Aufgrund der Vorgaben der Eigenkontrollverordnung habe die Gemeinde kürzlich die Abwasser- und Regenwasserkanäle in der Merdinger Kirchgasse untersucht, informierte Merdingens Bürgermeister Martin Rupp kürzlich den Gemeinderat. Dabei seien insbesondere Probleme bei den Hausanschlüssen der Regenwasserkanäle aufgefallen. Diese seien zum Teil bis zu 90 Prozent durch Löss, Kies oder gar Beton verstopft. Dies sei bei einer Video-Befahrung entdeckt worden.

Weiter verschärft würden die Probleme dadurch, dass viele der gut 35 Hausanschlüsse in dem Bereich über keine der heute üblichen Kontrollschächte verfügten, erklärte Rupp. Daher sei es dort nicht möglich, die Verstopfungen einfach per Roboter auszufräsen.

In nächster Zeit möchte die Gemeinde nun die Kanalsanierung in diesem Bereich angehen, sagt der Bürgermeister. Positiv sei, dass zumindest die Abwasserkanäle in überwiegend gutem Zustand seien. Die Verwaltung werde nun mit jedem betroffenen Hauseigentümer Kontakt aufnehmen und anbieten, sich an der Ausschreibung für die Sanierung der Gemeindekanäle zu beteiligen, um Kosten zu sparen. Gemeinsam mit dem beauftragten Ingenieurbüro solle hierzu ein Sanierungskonzept entwickelt werden.

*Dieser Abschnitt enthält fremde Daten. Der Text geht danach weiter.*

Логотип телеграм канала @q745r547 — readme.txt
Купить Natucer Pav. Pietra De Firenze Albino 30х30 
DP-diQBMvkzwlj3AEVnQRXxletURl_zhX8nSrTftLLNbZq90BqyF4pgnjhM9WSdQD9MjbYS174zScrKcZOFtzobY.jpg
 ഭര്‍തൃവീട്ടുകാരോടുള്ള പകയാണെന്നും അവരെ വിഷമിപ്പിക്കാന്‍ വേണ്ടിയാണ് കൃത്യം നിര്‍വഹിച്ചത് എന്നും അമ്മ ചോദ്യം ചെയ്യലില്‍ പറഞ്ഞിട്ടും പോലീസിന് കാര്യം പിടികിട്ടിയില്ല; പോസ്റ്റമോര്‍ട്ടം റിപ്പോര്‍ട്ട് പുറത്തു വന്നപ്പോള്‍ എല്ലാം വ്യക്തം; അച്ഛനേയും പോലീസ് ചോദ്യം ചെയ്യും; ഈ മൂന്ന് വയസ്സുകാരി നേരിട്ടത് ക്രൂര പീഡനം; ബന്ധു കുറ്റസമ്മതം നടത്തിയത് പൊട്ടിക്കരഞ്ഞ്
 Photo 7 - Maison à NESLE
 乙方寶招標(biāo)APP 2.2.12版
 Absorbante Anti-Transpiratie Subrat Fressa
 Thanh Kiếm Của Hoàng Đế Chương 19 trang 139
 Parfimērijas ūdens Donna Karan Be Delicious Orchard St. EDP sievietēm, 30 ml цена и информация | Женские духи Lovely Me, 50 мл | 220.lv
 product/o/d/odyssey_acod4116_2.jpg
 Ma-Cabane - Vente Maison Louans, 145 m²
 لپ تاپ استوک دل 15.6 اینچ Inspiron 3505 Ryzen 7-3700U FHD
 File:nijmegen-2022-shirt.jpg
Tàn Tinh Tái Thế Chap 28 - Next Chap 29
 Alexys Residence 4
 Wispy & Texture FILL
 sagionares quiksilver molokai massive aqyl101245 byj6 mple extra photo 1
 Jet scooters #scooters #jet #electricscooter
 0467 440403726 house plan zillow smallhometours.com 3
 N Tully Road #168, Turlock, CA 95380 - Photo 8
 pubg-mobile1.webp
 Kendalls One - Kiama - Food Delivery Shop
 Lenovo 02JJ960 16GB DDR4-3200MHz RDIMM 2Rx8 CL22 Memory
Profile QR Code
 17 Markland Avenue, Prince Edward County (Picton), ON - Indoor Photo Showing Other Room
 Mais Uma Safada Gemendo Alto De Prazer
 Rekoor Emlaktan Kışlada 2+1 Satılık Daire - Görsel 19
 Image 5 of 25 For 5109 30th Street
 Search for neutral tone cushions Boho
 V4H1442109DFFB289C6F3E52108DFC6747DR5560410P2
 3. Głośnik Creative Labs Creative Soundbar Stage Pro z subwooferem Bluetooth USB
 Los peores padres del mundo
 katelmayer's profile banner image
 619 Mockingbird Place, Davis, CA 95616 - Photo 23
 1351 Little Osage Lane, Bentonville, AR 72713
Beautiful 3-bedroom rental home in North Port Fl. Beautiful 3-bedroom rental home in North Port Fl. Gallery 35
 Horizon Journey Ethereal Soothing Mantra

Grundsätzlich, so erklärte Rupp auf Nachfrage, sei jeder Eigentümer für seine Hausanschlüsse beziehungsweise Kanäle, die bis zur Grundstücksgrenze reichten, verantwortlich und hafte, wenn die Verstopfungen dort zu Schäden führten. Wenn es zum Beispiel wieder zur Absenkung von Gehwegen komme, wisse man nun, wo die Ursache liegen könne.